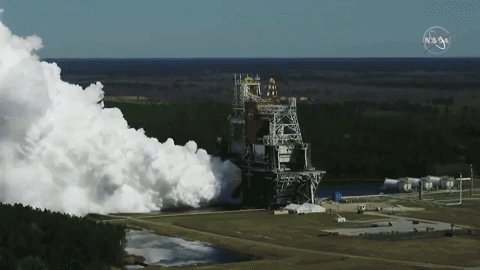 The core stage of NASA's Space Launch System Moon rocket powers up for an eight minute test with huge plumes of water vapor rising to the sky. 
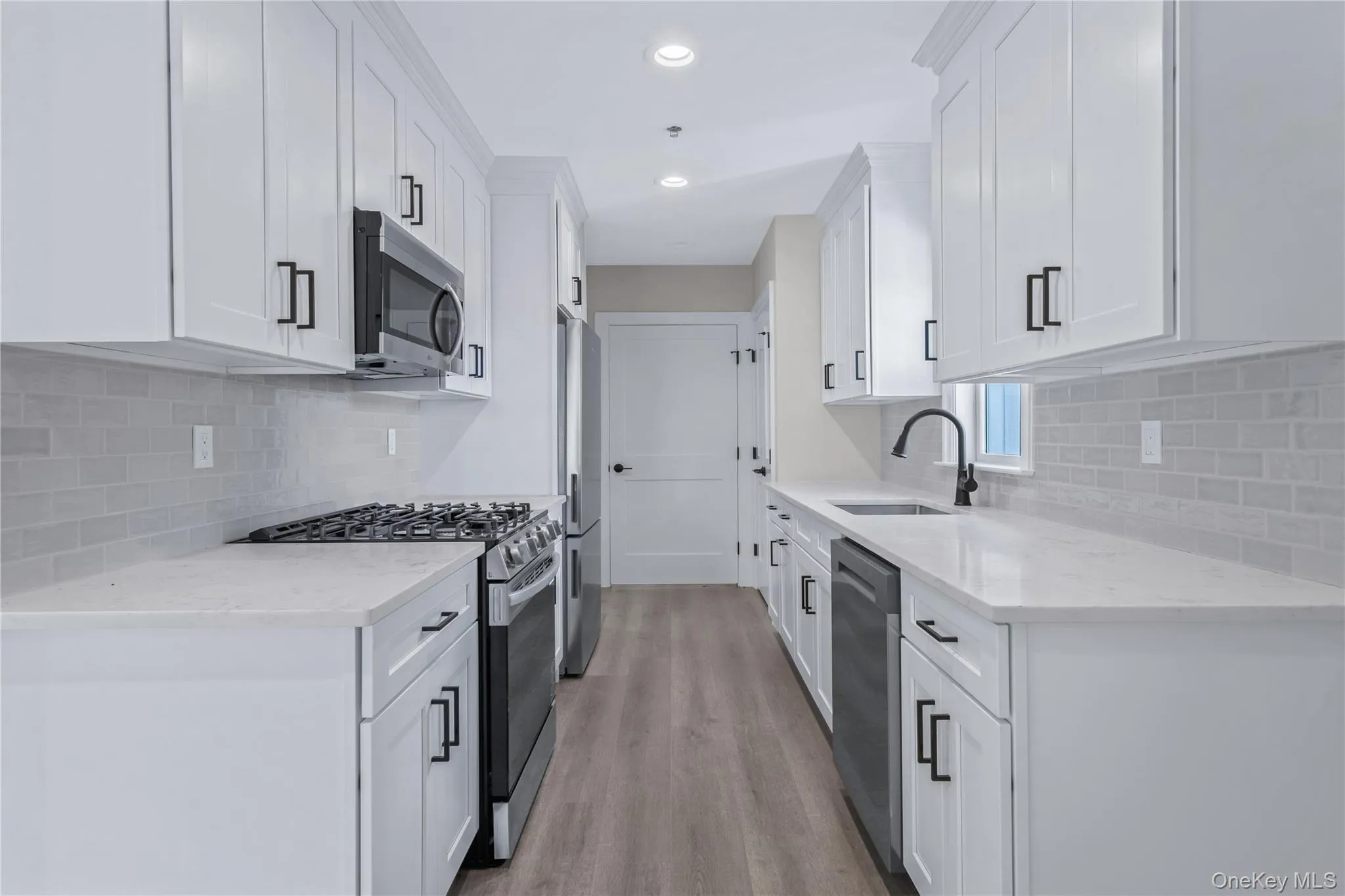 Kitchen featuring appliances with stainless steel finishes, tasteful backsplash, light stone counters, white cabinets, and light wood-style floors Kitchen featuring appliances with stainless steel finishes, tasteful backsplash, light stone counters, white cabinets, and light wood-style floors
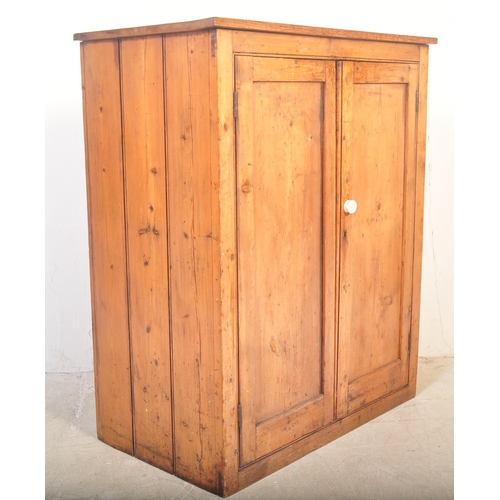 1422 - A Victorian 19th century pine school cupboard. Full length twin doors having white ceramic handle an... 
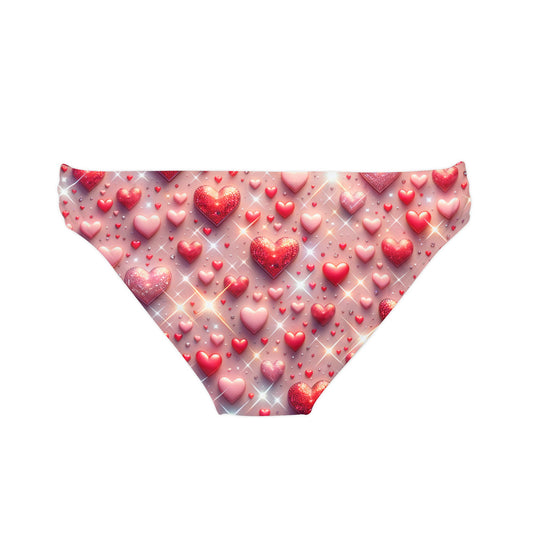 Glittering Hearts Loop Tie Side Bikini Bottom showcasing a chic pastel pink pattern embellished with shimmering hearts, ideal for stylish beach outings.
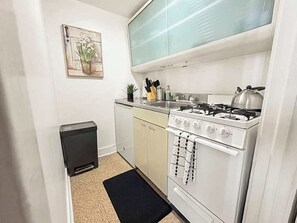 A compact kitchen with a gas stove, a small refrigerator, and a single cabinet. - Trendy Gold Coast Studio Close to Downtown (Chicago)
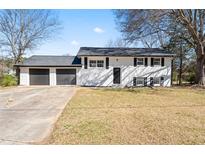 Charming two-story home featuring a two-car garage, black shutters, and a spacious front yard at 6650 Baldwin Ct, Riverdale, GA 30274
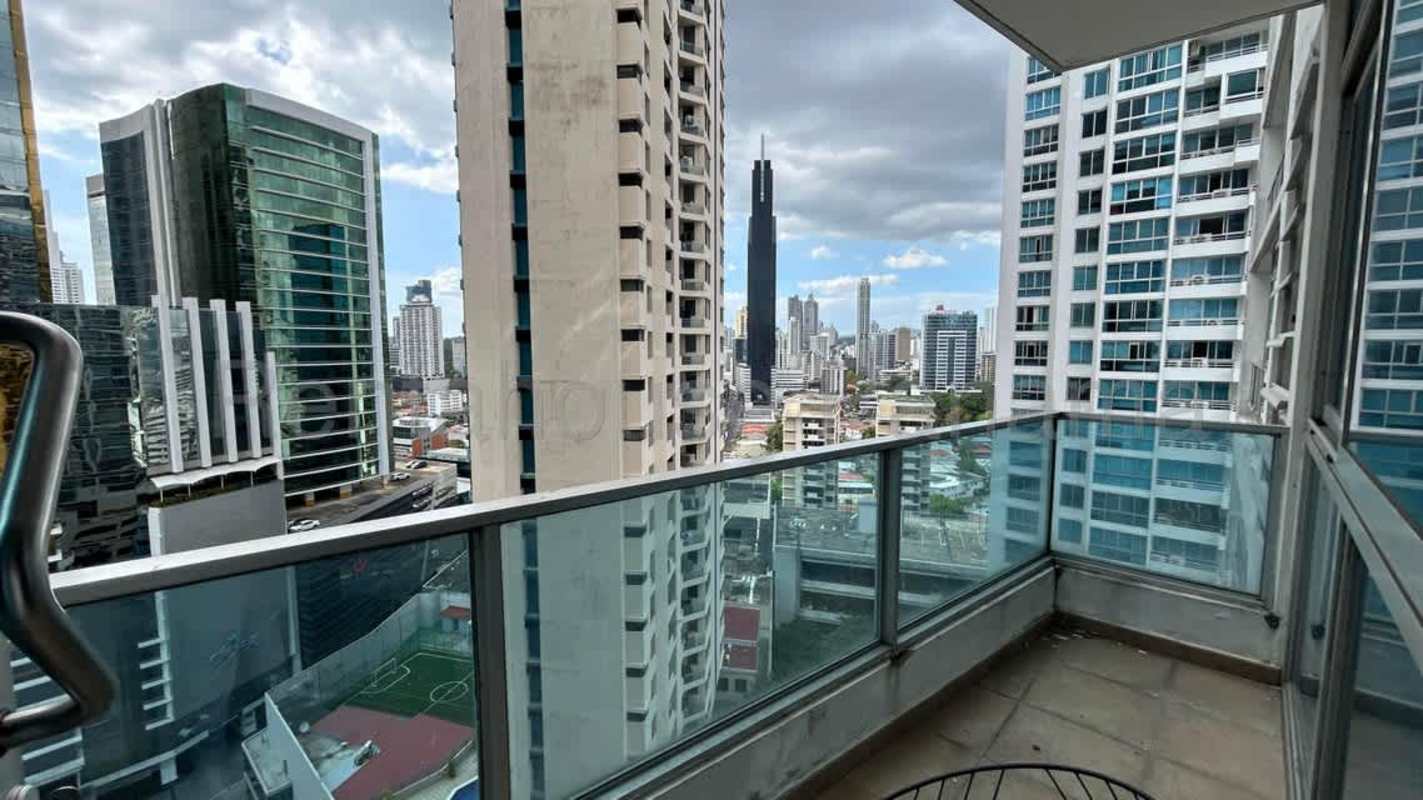 Modern bedroom with large windows showcasing ocean view at Bayfront Tower Avenida Balboa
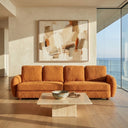 Modern Pina 115 orange boucle sofa in a minimalist coastal living room, featuring a travertine coffee table, abstract art piece, and floor-to-ceiling windows overlooking the ocean.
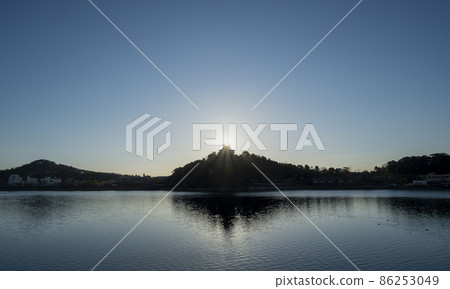 The sun rising from behind the castle tower of Inuyama Castle The sun rising from behind the castle tower of Inuyama Castle 86253049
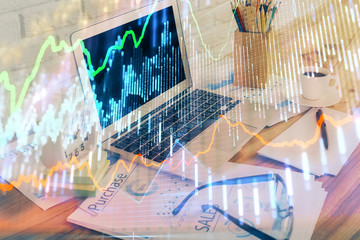 Financial graph colorful drawing and table with computer on background. Double exposure. Concept of international markets.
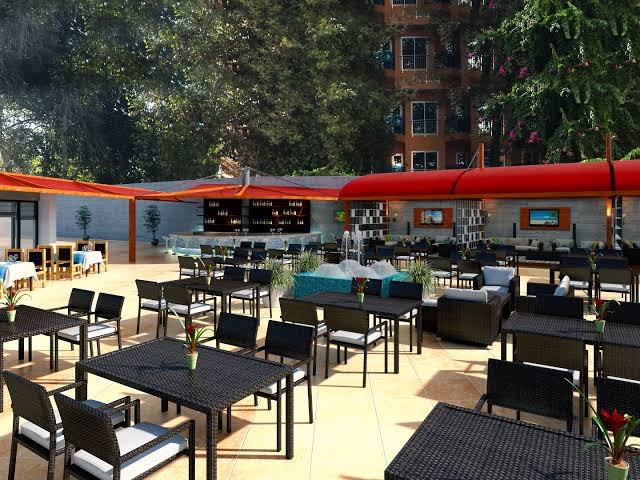 Club Aqua Plaza āra terases restorāns ar tumšām mēbelēm un sarkanām nojumēm Alānijas reģionā, Turcijā — plaša atpūtas zona pie viesnīcas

○ ○ ○

The whole listing must come back verbatim, with no pictures included.

 The core stage of NASA's Space Launch System Moon rocket powers up for an eight minute test with huge plumes of water vapor rising to the sky. 
 Kitchen featuring appliances with stainless steel finishes, tasteful backsplash, light stone counters, white cabinets, and light wood-style floors Kitchen featuring appliances with stainless steel finishes, tasteful backsplash, light stone counters, white cabinets, and light wood-style floors
 1422 - A Victorian 19th century pine school cupboard. Full length twin doors having white ceramic handle an... 
 Glittering Hearts Loop Tie Side Bikini Bottom showcasing a chic pastel pink pattern embellished with shimmering hearts, ideal for stylish beach outings.
 A compact kitchen with a gas stove, a small refrigerator, and a single cabinet. - Trendy Gold Coast Studio Close to Downtown (Chicago)
 Charming two-story home featuring a two-car garage, black shutters, and a spacious front yard at 6650 Baldwin Ct, Riverdale, GA 30274
 Modern bedroom with large windows showcasing ocean view at Bayfront Tower Avenida Balboa
 Modern Pina 115 orange boucle sofa in a minimalist coastal living room, featuring a travertine coffee table, abstract art piece, and floor-to-ceiling windows overlooking the ocean.
 The sun rising from behind the castle tower of Inuyama Castle The sun rising from behind the castle tower of Inuyama Castle 86253049
 Financial graph colorful drawing and table with computer on background. Double exposure. Concept of international markets.
 Club Aqua Plaza āra terases restorāns ar tumšām mēbelēm un sarkanām nojumēm Alānijas reģionā, Turcijā — plaša atpūtas zona pie viesnīcas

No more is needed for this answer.